---------- Dataset records ----------
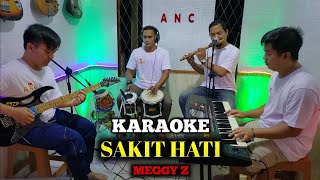 Download lagu SAKIT HATI KARAOKE MEGGY Z NADA COWOK mp3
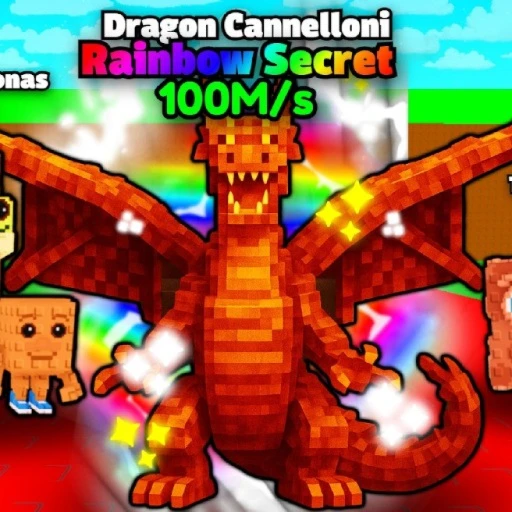 Steal a Brainrotted: ULTIMATE x999M🍀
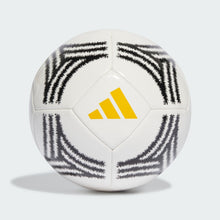 Load image into Gallery viewer, Adidas Juevntus Club Home Soccer Ball IA0927 WHITE/BLACK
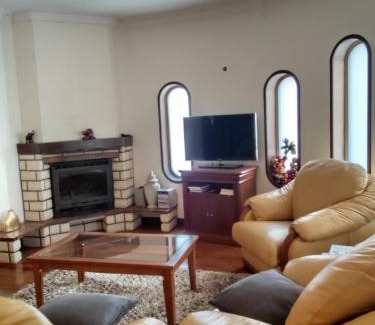 Palmeira de Faro Apartment | Sweet 3 Bedrooms Terrace Home Close Esposende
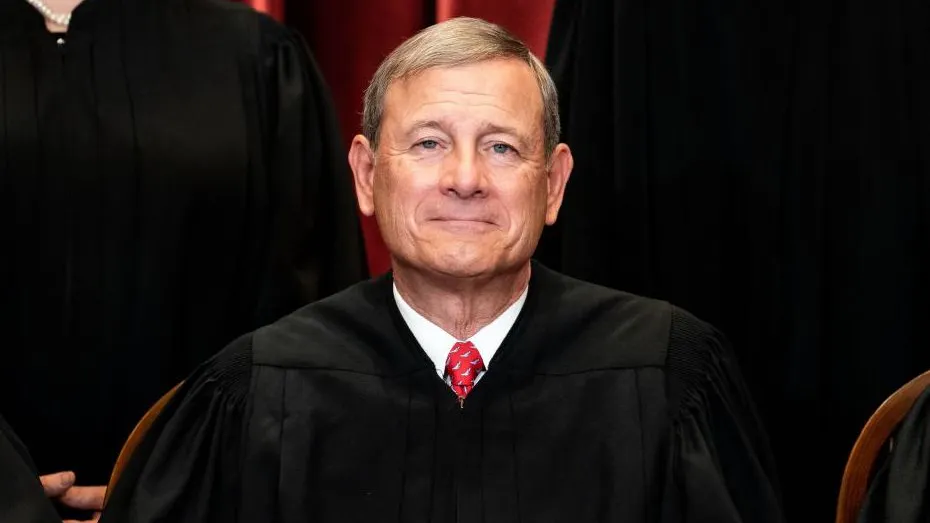 JUST IN: Justice Roberts Officially Blows Up NPR Mask Report With His Own Statement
----------
— Task goal —
Apart from the pictures, return every entry above exactly as given.

— Response box —
 Download lagu SAKIT HATI KARAOKE MEGGY Z NADA COWOK mp3
 Steal a Brainrotted: ULTIMATE x999M🍀
 Load image into Gallery viewer, Adidas Juevntus Club Home Soccer Ball IA0927 WHITE/BLACK
 Palmeira de Faro Apartment | Sweet 3 Bedrooms Terrace Home Close Esposende
 JUST IN: Justice Roberts Officially Blows Up NPR Mask Report With His Own Statement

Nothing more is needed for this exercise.